There is a strong divergence in performance: IFS models align closely with observations, whereas ICON-ESM-ER and individual CMIP6 models show large discrepancies. The CMIP6 MMM masks some individual model errors but retains a systematic land-bias. ICON deviates significantly from the IFS models in the Southern Ocean.

Physical Interpretation

The reduction of positive bias over land in EERIE models likely results from higher resolution resolving topography and surface roughness better, leading to realistic drag on surface winds. The excessive variability in the Southern Ocean in ICON-ESM-ER suggests overly energetic synoptic-scale eddies or insufficient air-sea dampening.
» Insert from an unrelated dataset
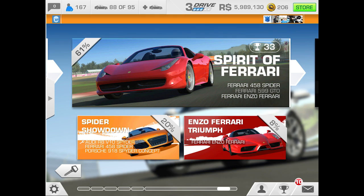You might want to change the controller method if, say, you're going to lend the game to a kid or they might want something easy. They might not be able to drive it the way you're driving it. It gives the options of many different methods of how to play the game — it can be easier or more realistic depending on your choice.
The negative bias in the tropical Pacific for IFS models implies a potential underestimation of meridional wind fluctuations associated with the ITCZ or tropical waves.

Caveats

  • 10m wind is a diagnostic quantity sensitive to boundary layer parameterization schemes, which vary significantly between model families.
  • The CMIP6 MMM performance benefits from averaging out random errors, making the higher RMSE of ICON-ESM-ER particularly notable.